+++ SOURCE DATA +++

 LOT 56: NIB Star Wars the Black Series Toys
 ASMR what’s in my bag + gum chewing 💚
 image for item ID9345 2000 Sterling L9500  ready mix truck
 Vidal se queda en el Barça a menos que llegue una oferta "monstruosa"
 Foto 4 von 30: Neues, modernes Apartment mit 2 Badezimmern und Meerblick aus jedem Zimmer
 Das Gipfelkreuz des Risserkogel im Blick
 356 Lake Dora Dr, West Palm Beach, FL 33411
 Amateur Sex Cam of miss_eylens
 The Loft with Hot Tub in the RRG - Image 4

+++
+++ SOURCE DATA +++

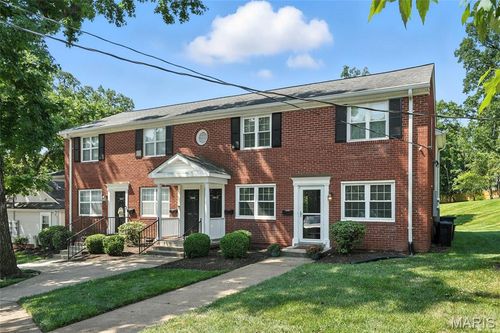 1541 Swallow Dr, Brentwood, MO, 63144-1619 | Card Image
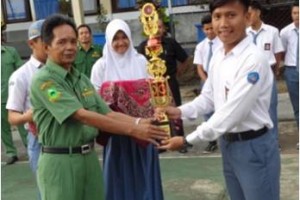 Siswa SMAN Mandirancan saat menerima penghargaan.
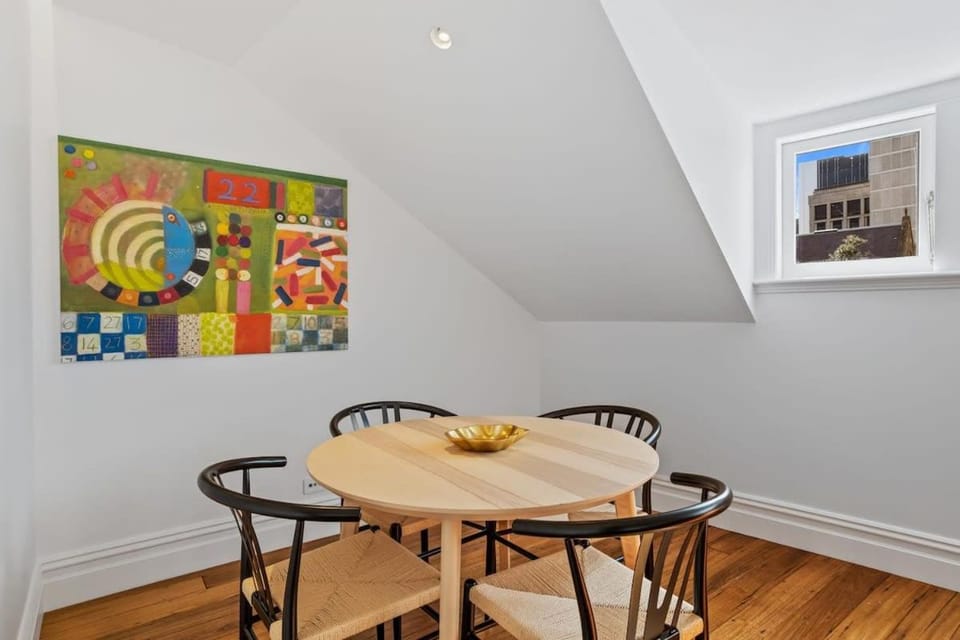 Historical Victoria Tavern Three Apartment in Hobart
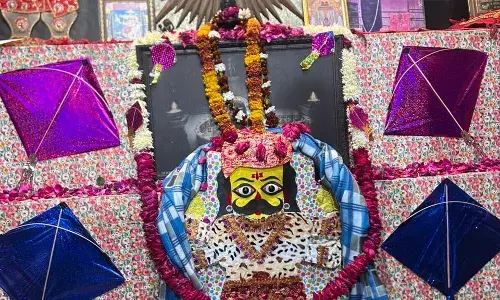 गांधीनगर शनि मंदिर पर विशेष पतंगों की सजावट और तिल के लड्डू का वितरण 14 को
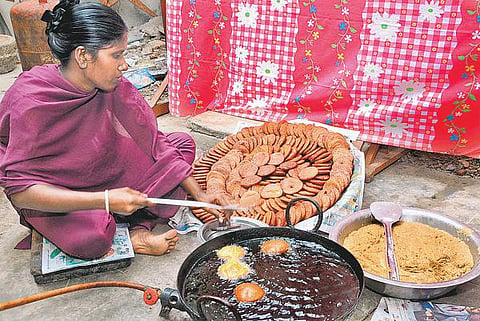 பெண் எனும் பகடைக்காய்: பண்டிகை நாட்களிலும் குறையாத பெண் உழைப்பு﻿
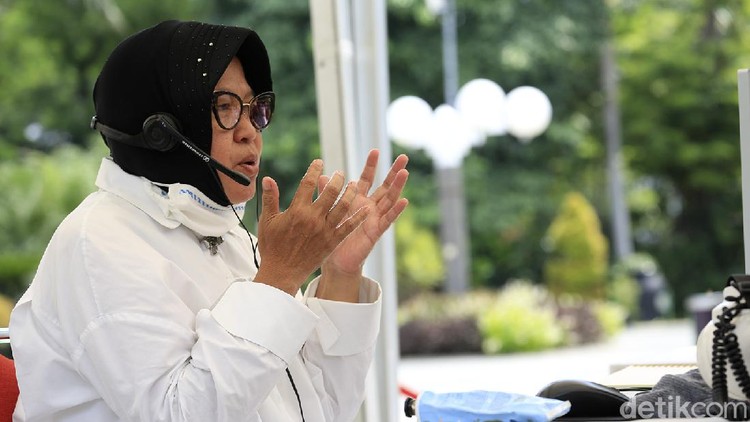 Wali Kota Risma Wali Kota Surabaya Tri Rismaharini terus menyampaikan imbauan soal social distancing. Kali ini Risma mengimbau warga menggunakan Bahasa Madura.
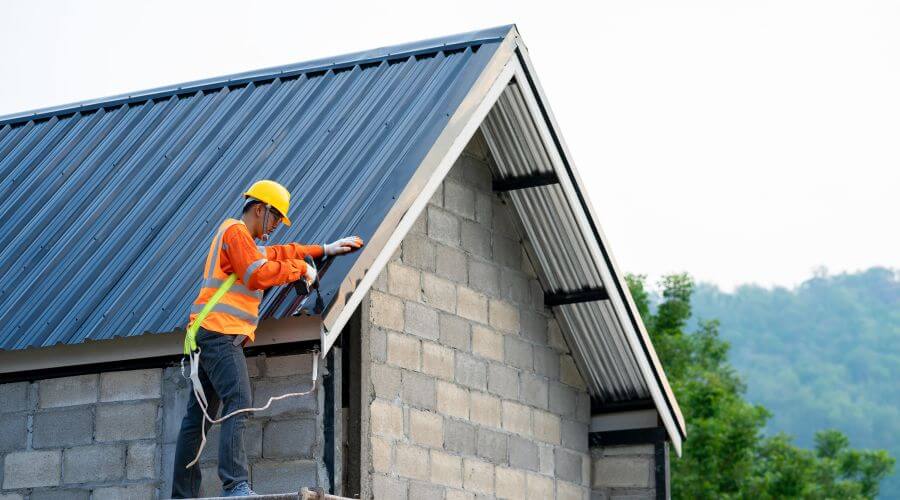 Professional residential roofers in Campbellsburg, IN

+++

Using the entries above, give back exactly the line containing "LOT 56: NIB Star Wars the Black Series Toys", the line containing "The Loft with Hot Tub in the RRG - Image 4", and every line between them, and nothing else.

TASK OUTPUT -
 LOT 56: NIB Star Wars the Black Series Toys
 ASMR what’s in my bag + gum chewing 💚
 image for item ID9345 2000 Sterling L9500  ready mix truck
 Vidal se queda en el Barça a menos que llegue una oferta "monstruosa"
 Foto 4 von 30: Neues, modernes Apartment mit 2 Badezimmern und Meerblick aus jedem Zimmer
 Das Gipfelkreuz des Risserkogel im Blick
 356 Lake Dora Dr, West Palm Beach, FL 33411
 Amateur Sex Cam of miss_eylens
 The Loft with Hot Tub in the RRG - Image 4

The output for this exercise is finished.